Ma vision se dissipe d'un seul coup. Je ne peux plus reculer, quelqu'un l'a décidé pour moi, les eaux de la grotte bleue  me laveront de mon passé, ou m'y entraineront à jamais.

Avec un peu de chance, dis-je à haute voix,  et si la grotte est ouverte aux touristes tenant leurs billets entre les dents, j'y serai d'ici un quart d'heure ...Comment lutter contre les sortilèges de Capri ?

Mais, ne serais- je amèrement déçue ? Mon fantôme  bavard, le beau spectre du Palazzo a Mare qui jadis me fut tout et ne fut rien (le vent de la passion ne sèche-t-il l'âme avant de flétrir la mémoire ?) dort  certainement dans le cimetière d'Anacapri et ne me surprendra plus sur les chemins de la solitude.

 A quoi bon cet élan vers la Grotte divine : où sont passées les Sirènes ?

Je regarde encore mes feuillets couverts de cette écriture rageuse, et j'y devine une autre main.

Quelqu'un a répondu au bas d'une page ; une personne qui aimait la poésie "moderne" de l'époque, et qui décrivait le jeune attaché de l'ambassade de France à Naples, cet homme de Lettres à la mode, Alphonse de Lamartine, sémillant, gracieux, délicieusement désespéré, au bras de sa jeune épouse, adorable symbole des grâces conjugales. 

"Mon ami, il déraisonne avec tant de raison cet Alphonse si poli !

Soyez- bon, vous qui vous moquez de l'art poétique, écoutez et devinez mes pensées secrètes...Devinez ce que je n'ose vous dire ...Le charmant  ami Lamartine perce à jour l'âme des femmes, alors que vous n'y parviendrez jamais"

Je remue les feuillets, et une page où tournoient des jambages un peu maniérés me saute dans les mains:

"Aimons donc, aimons donc ! de l'heure fugitive

Hâtons- nous, jouissons !

L'homme n'a point de port, le temps n'a point de rive, 

il coule et nous passons !"

Cette fois, je crois que le voile du passé se lève ...

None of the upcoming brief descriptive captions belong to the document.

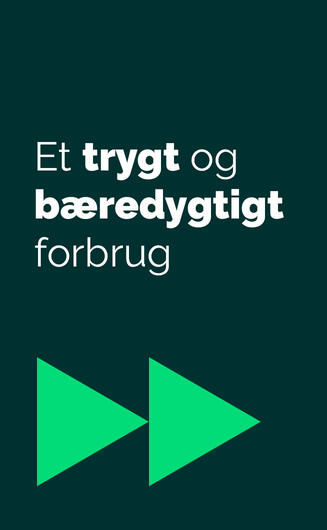 Tekst på grøn baggrund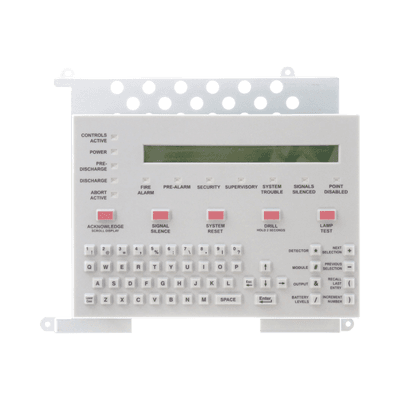 Teclado con Pantalla LCD de 80 Caracteres / para CPU2-640 y NFS-320 de NOTIFIER / Texto en Inglés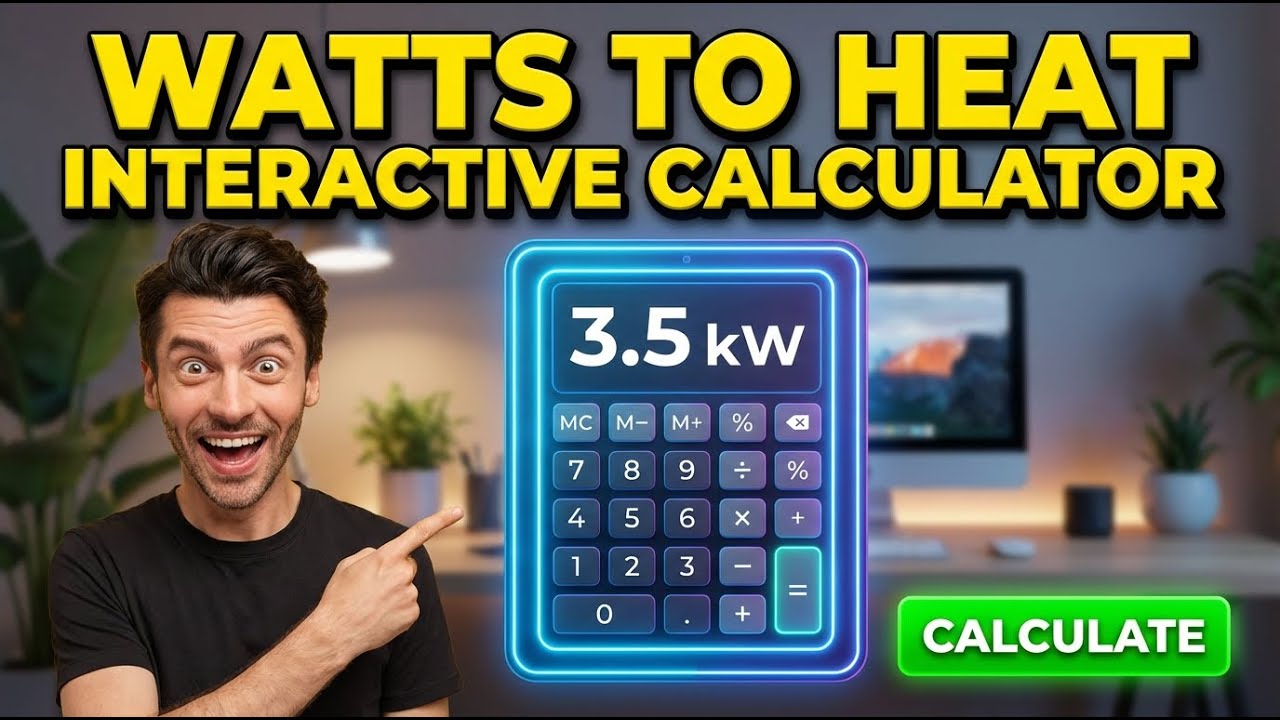 Watts To Heat Interactive Calculator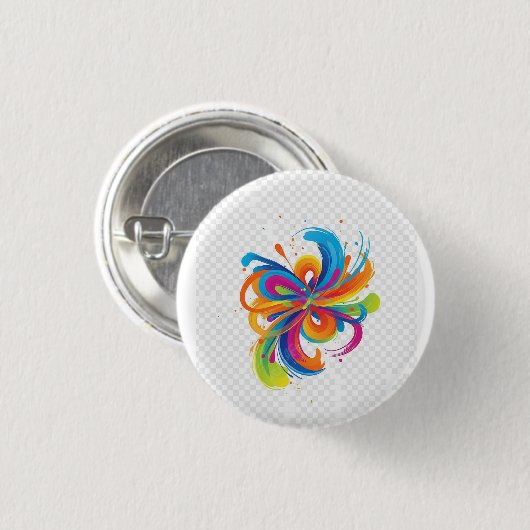 creëer je toekomstpositieve mentaliteit ronde button 3,2 cm (Voorkant /achterkant)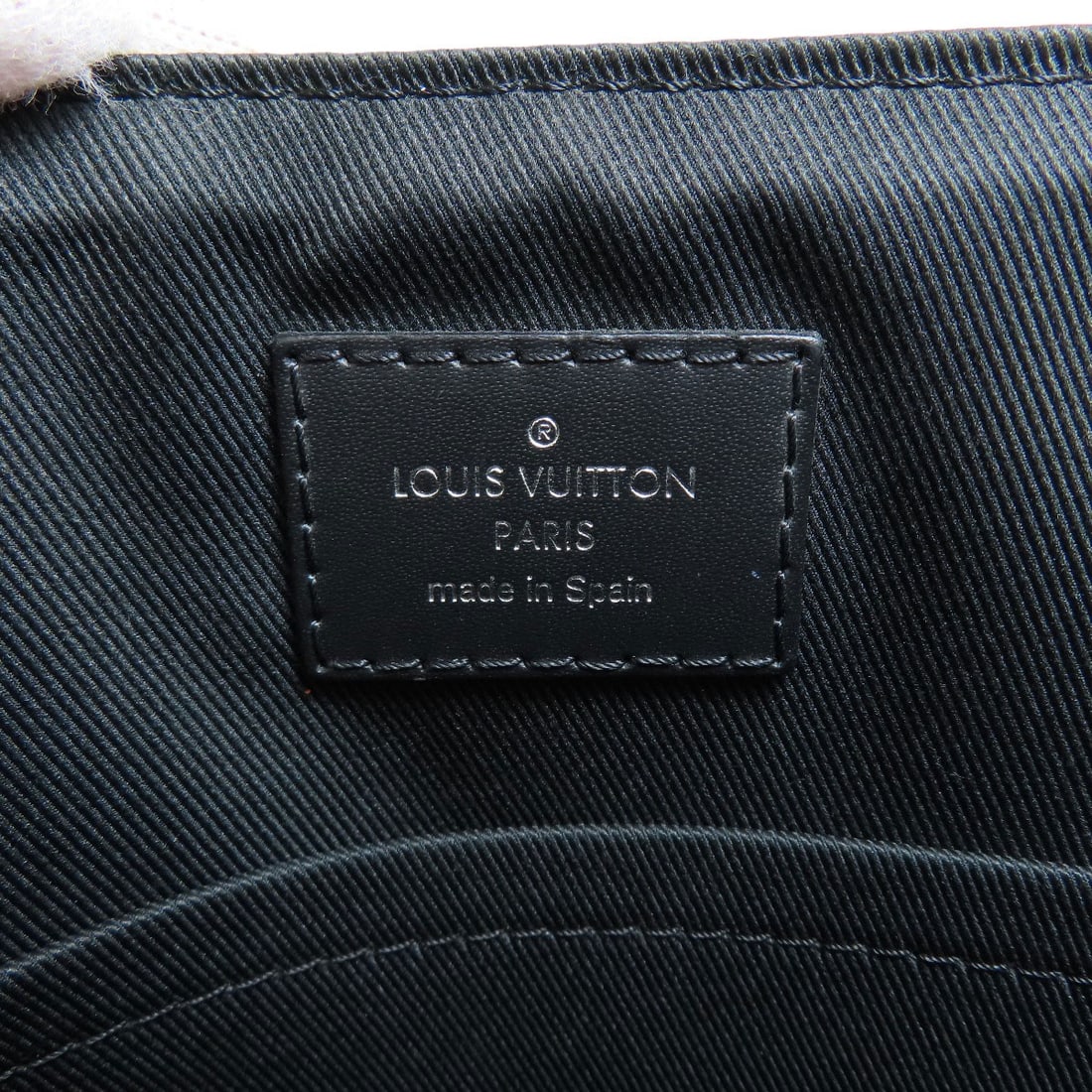 Vuitton Louis M44000 Monogram Eclipse District Shoulder Bag - 6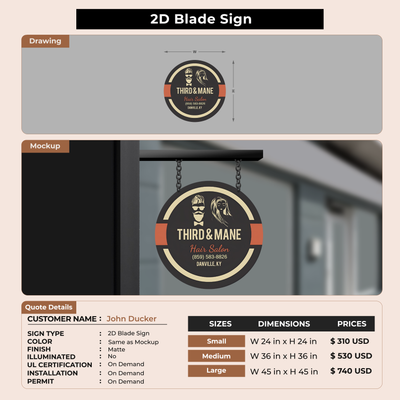 Blade Sign for John Ducker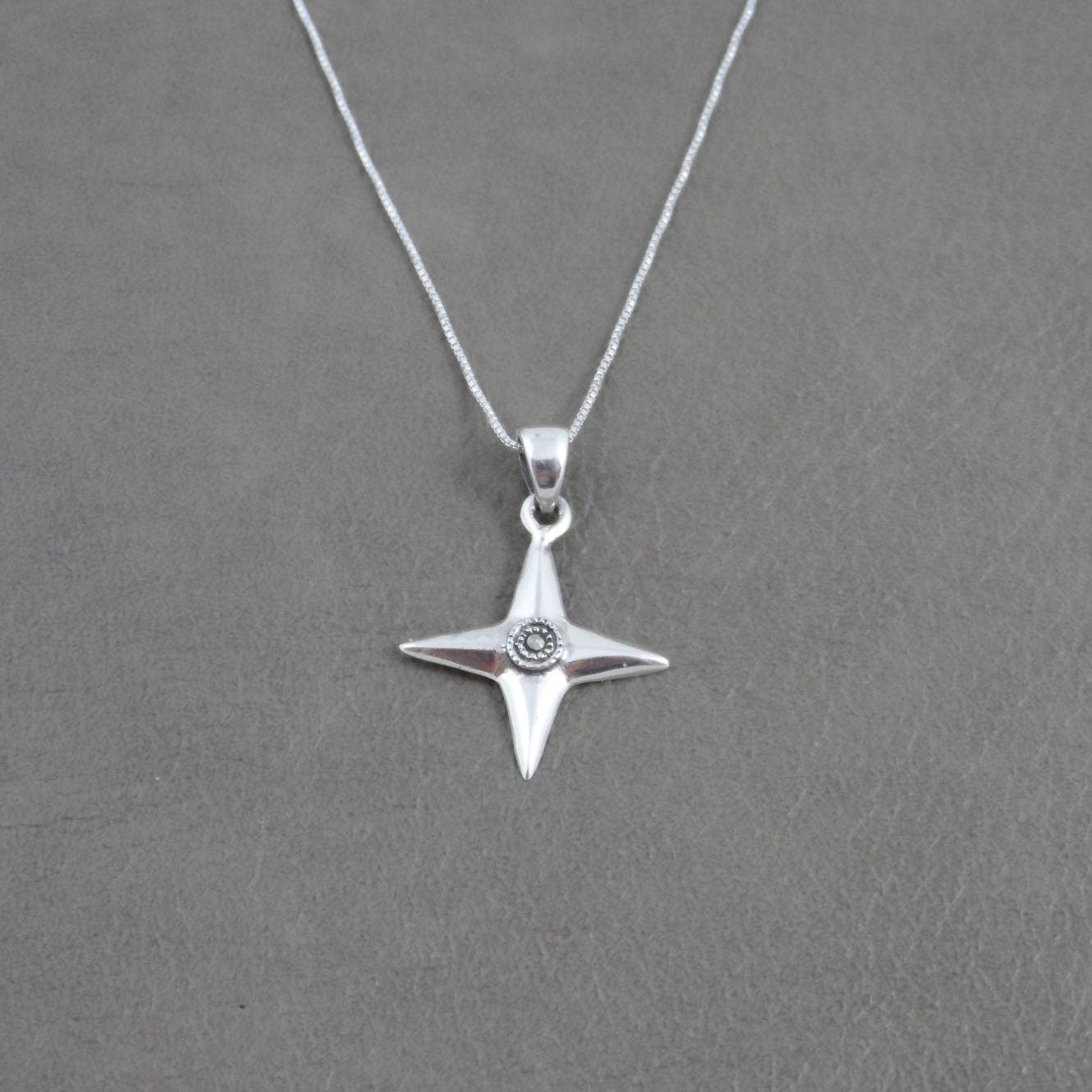 North Star Necklace in Sterling Silver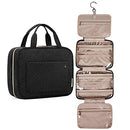 BAGSMART Large Toiletry Bag Travel Bag with Hanging Hook, Water-resistant Makeup Cosmetic Bag Travel Organizer for Accessories, Shampoo, Full Sized Container, Toiletries BAGSMART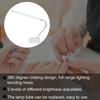 LED-Tischlampe, 3 Stufen, dimmbar, Augenschutz, flexible Schreibtischleuchte für Nail Art Tattoo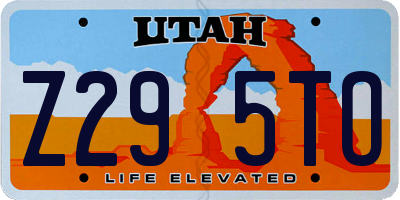UT license plate Z295TO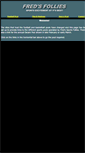 Mobile Screenshot of fredsfollies.com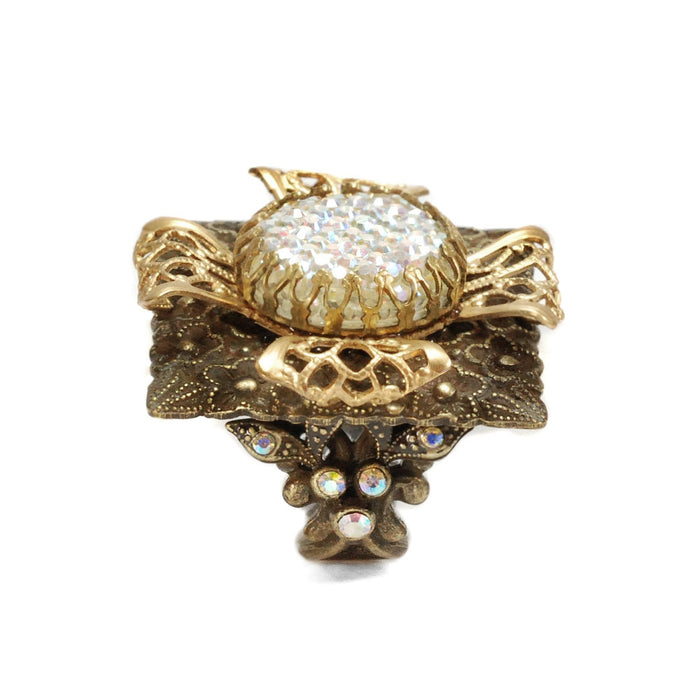 Square Floral Ring R401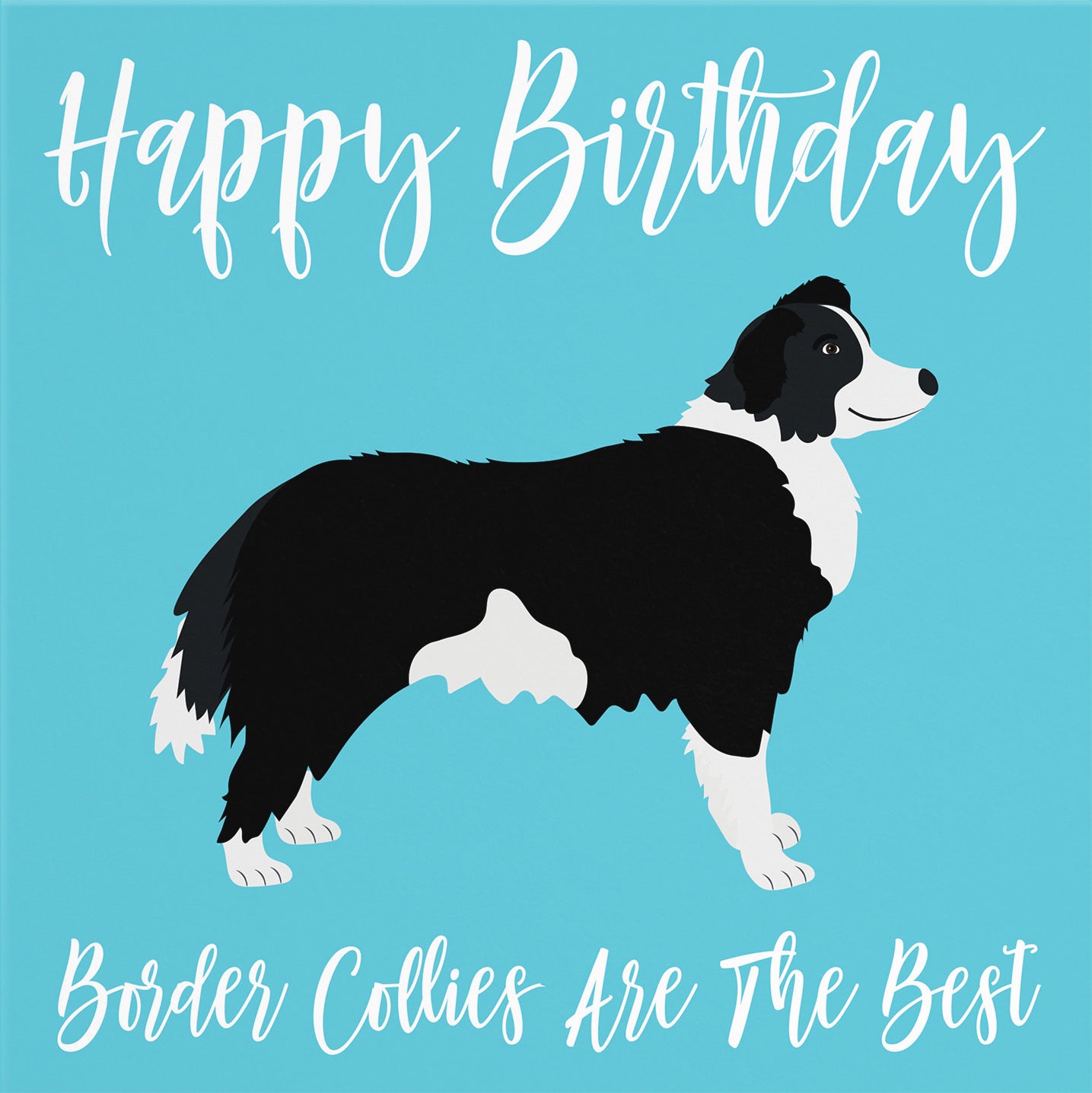 Border Collie Birthday Card Iconic - Default Title (B084NXW867)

A bientôt pour la suite et le dénouement très proche de ce Roman à Capri, 

Lady Alix ou Nathalie-Alix de La Panouse



La Grotta d'Azzurra de Capri
vrai palais des dernières Sirènes ...

Gioacchino La Pira circa 1840
Collection privée, droits réservés

Mais  chassées de leur palais de turquoise, 
où sont passées les Sirènes de la grotte d'azur ?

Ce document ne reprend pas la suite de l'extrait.